BEGIN EXTRACTED DATA

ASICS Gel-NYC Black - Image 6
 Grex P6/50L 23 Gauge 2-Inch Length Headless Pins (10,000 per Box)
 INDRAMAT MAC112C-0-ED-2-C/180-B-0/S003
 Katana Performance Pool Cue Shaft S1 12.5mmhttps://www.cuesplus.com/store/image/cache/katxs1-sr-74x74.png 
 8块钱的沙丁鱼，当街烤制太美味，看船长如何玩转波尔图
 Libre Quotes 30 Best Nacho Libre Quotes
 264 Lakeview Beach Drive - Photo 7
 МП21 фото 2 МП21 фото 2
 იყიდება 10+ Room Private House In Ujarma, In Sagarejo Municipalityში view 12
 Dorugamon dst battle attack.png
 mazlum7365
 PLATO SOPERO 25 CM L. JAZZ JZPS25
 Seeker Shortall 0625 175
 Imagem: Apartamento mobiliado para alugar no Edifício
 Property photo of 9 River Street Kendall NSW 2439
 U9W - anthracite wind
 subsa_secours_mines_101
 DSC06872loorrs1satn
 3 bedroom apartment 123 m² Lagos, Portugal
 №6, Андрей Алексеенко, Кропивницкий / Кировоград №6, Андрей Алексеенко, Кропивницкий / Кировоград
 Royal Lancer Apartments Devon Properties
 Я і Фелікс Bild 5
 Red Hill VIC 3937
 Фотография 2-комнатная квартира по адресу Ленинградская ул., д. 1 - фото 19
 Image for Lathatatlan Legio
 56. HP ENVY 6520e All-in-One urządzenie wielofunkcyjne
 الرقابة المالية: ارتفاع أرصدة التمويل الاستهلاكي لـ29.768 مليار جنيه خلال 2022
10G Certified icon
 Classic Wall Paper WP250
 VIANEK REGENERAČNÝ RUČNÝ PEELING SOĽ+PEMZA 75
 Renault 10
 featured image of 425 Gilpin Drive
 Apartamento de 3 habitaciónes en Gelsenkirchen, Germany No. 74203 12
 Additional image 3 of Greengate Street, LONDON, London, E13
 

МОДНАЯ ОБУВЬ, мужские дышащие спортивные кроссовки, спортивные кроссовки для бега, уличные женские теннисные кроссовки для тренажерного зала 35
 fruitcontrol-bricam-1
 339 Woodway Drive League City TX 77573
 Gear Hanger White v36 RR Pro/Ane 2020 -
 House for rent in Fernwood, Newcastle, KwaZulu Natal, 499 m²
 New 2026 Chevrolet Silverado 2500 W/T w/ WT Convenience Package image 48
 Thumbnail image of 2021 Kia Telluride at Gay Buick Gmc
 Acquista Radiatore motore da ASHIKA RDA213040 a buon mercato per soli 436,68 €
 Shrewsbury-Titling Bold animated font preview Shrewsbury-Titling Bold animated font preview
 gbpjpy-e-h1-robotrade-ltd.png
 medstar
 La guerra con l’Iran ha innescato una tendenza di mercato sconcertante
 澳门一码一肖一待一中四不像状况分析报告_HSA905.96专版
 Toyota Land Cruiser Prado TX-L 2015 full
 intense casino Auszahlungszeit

END EXTRACTED DATA

EXERCISE REQUIREMENTS - For the word "фото", say how many lines of the data include it, with nothing else in the reply.

OUTPUT FOR THIS EXERCISE - 2